Is there a way to prove the given inequality by induction?

[EvLer]

I don't quite see what i need to notice here:
the problem says try to prove this by induction and note what goes wrong:

1 + 1/2 + 1/4 + ... + 1/(2^n) < 2

so my solution so far is this:
Base case:
P(1): 1/(2^1) < 2 (true)

Assume P(k):
1/(2^k) < 2

Induction step P(k+1):
1/(2^(k+1)) < 2

expressing P(k+1) in terms of P(k):
1/(2^k) * 1/2 < 2

but how exactly to show what goes wrong here
Hints from anyone?

 

[StatusX]

First of all, you want to show that the sum is less than 2, and this sum is not equal to 1/2^k. Second, this problem doesn't really make sense, because you can't just assume some expression is less than 2 and prove that adding another terms keeps it less than 2 unless you know how much less than 2 the original expression is.
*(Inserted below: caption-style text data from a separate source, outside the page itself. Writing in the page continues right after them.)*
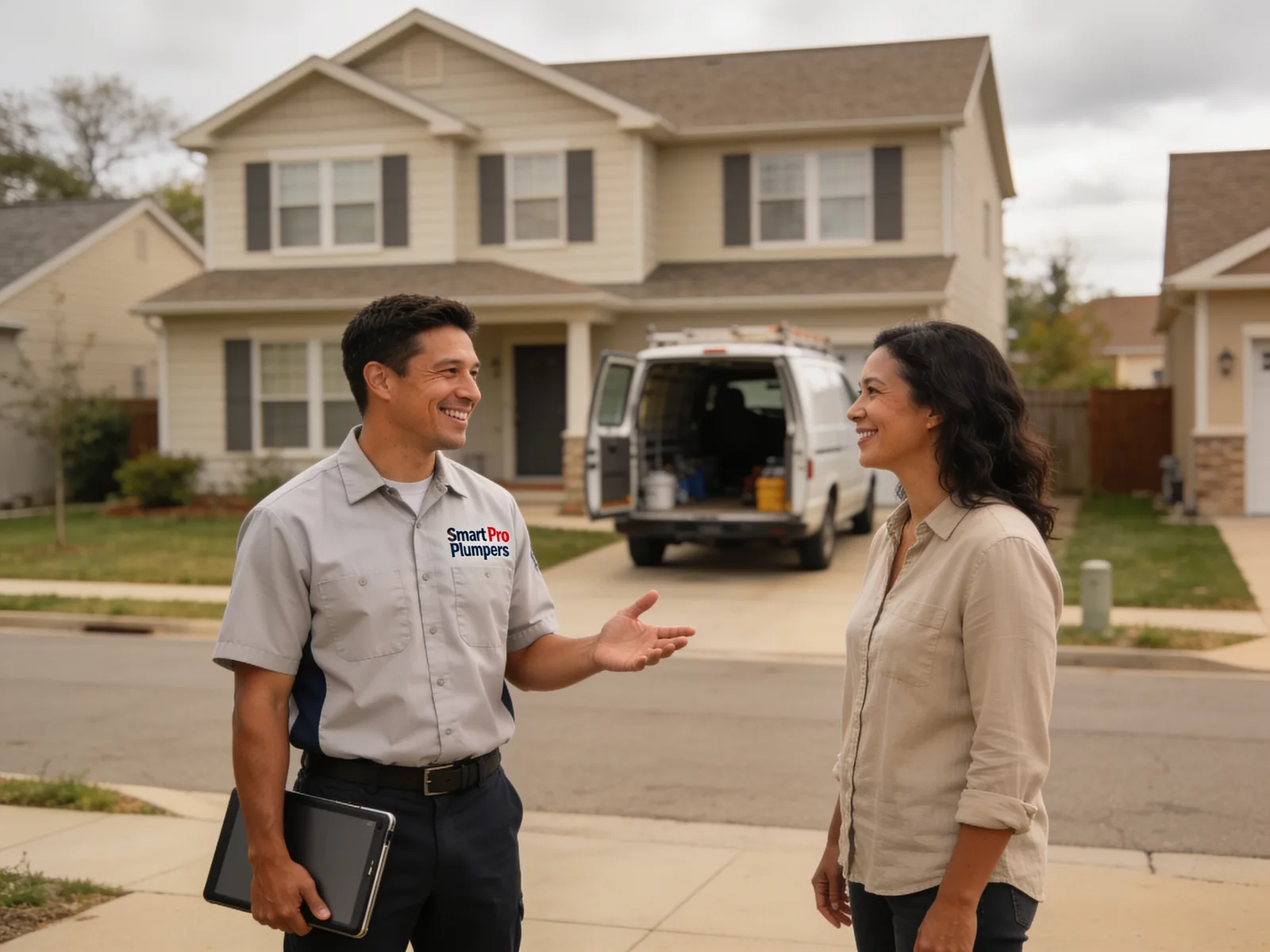 Water Heater Repair Filion, MI FAQs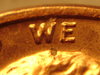 DSC00983.JPG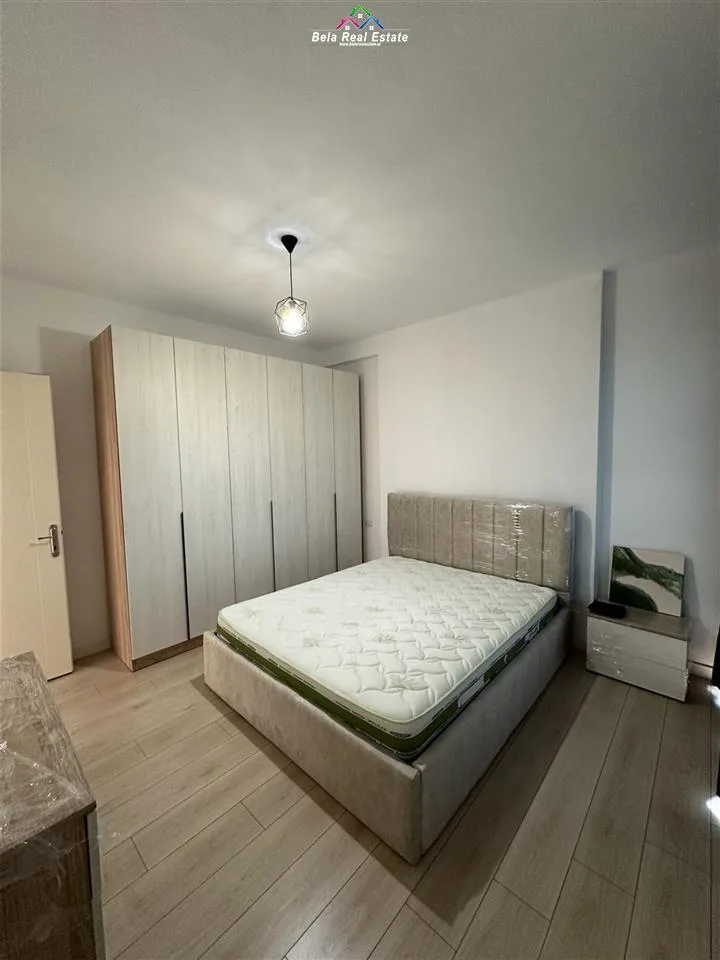 Apartament Me Qera 2+1 Ish Fusha e Aviacionit (ID B220887) Tirane.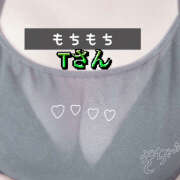 ヒメ日記 2025/04/26 19:02 投稿 米沢あさひ 宇都宮回春性感クリニック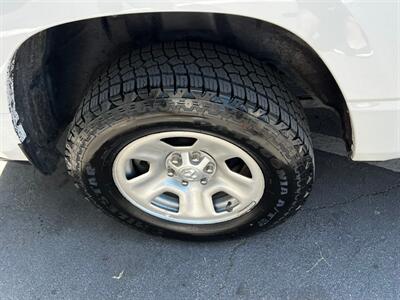 2022 RAM 1500 Tradesman   - Photo 12 - Salt Lake City, UT 84115
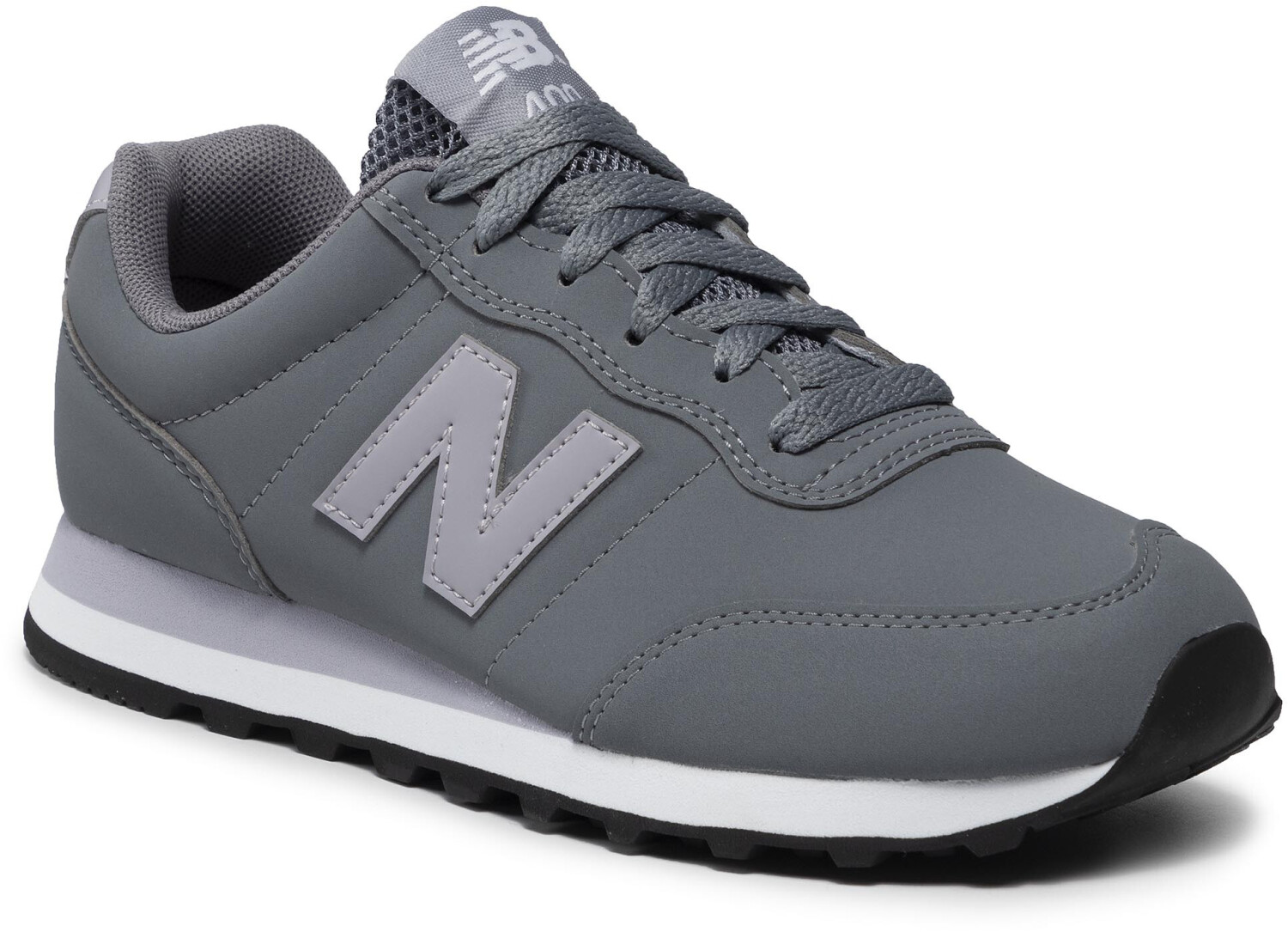 new balance 410 femme 2017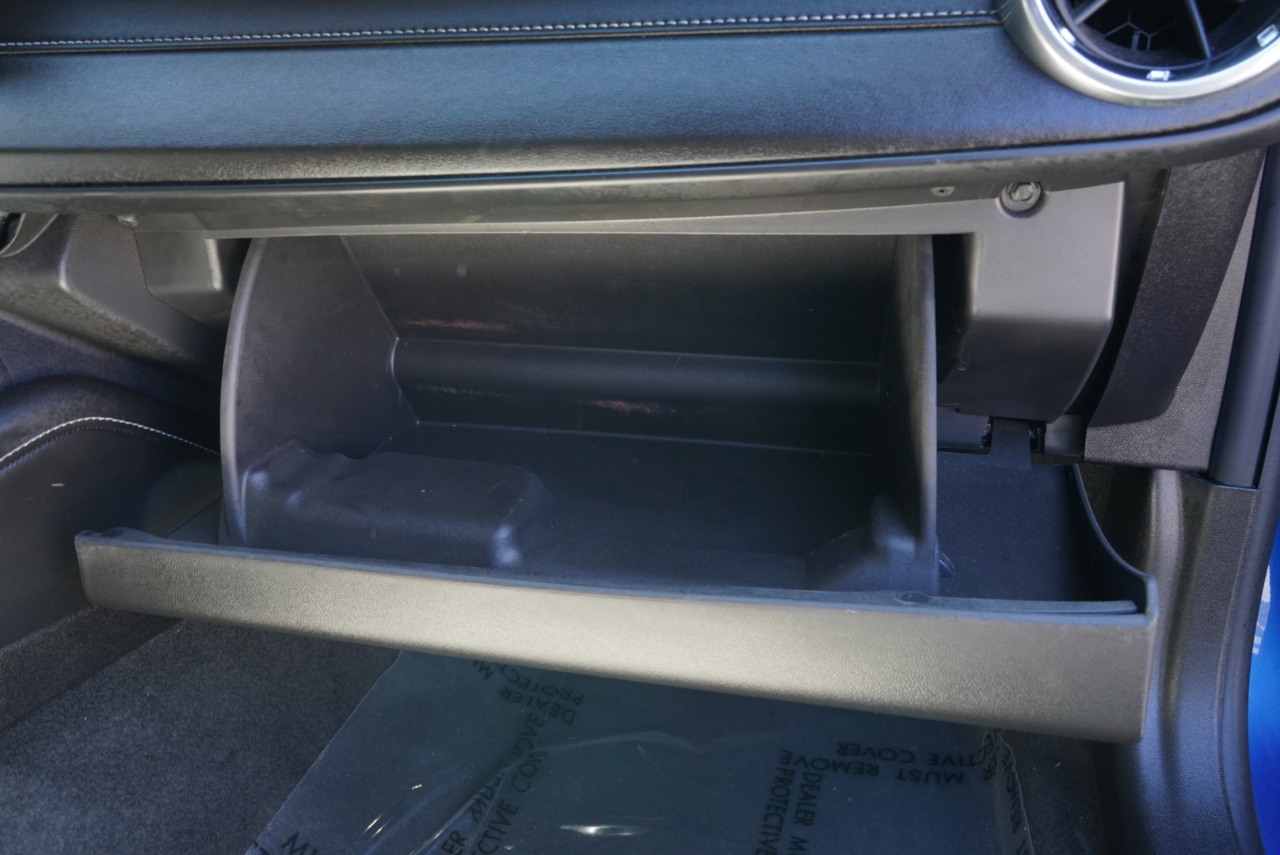 Chevrolet Camaro 2dr Cpe 2SS 2017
That may be what they mean by "finding where induction goes wrong", but if so it's a very poor question. A more interesting and useful problem would be to find an expression for the sum of the first n terms and prove it is correct by induction, then show that the sum is always less than 2 for any integer n, but also show that this does not imply that the limit of the infinite sum is less than 2.

 

[0rthodontist]

Assume P(k):
1/(2^k) < 2

Well, this is not P(k). P(k) has to have something to do with
$$\sum_{i=0}^k \frac{1}{2^i} < 2$$
But as StatusX mentioned, you can't do induction just by knowing P(k) is less than 2--you have to know how much less.
Continuing as StatusX suggested, let S(k) be the sum on the left side of that inequality. If you do some trial and error, you will find
S(0) = 2 - 1
S(1) = 2 - 1/2
S(2) = 2 - 1/4
...

Now what might you let P(k) be so that you can prove this in general?